Problem statement >>
Your answer should be only the lines below from the one with "Wever & Ducré" to the one with "3 vagasSuíte 2", repeated exactly, ends included.

Data for review >>
· · · · ·

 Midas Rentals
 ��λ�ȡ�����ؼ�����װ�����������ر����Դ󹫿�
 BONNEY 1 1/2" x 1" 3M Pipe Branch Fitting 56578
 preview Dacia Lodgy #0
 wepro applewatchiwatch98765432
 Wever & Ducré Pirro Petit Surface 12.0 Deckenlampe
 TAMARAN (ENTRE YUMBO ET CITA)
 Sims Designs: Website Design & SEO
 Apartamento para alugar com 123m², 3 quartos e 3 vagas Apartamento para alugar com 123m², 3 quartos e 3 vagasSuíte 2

· · · · ·

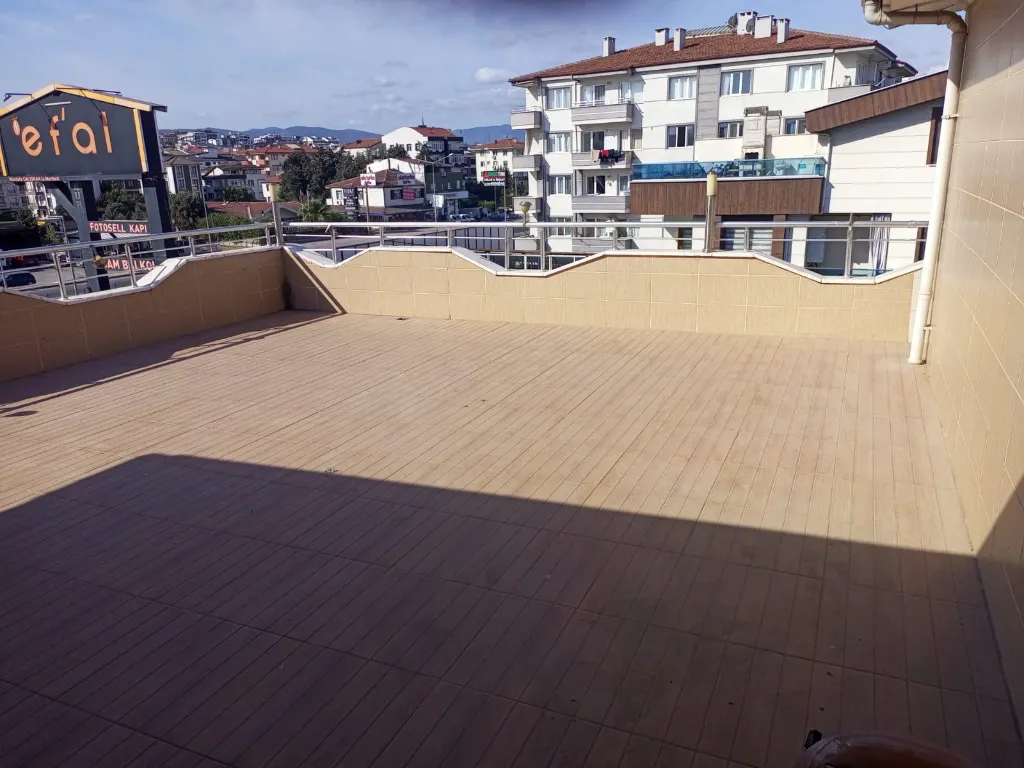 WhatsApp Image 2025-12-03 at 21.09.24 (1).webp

· · · · ·

Worked solution >>
 Wever & Ducré Pirro Petit Surface 12.0 Deckenlampe
 TAMARAN (ENTRE YUMBO ET CITA)
 Sims Designs: Website Design & SEO
 Apartamento para alugar com 123m², 3 quartos e 3 vagas Apartamento para alugar com 123m², 3 quartos e 3 vagasSuíte 2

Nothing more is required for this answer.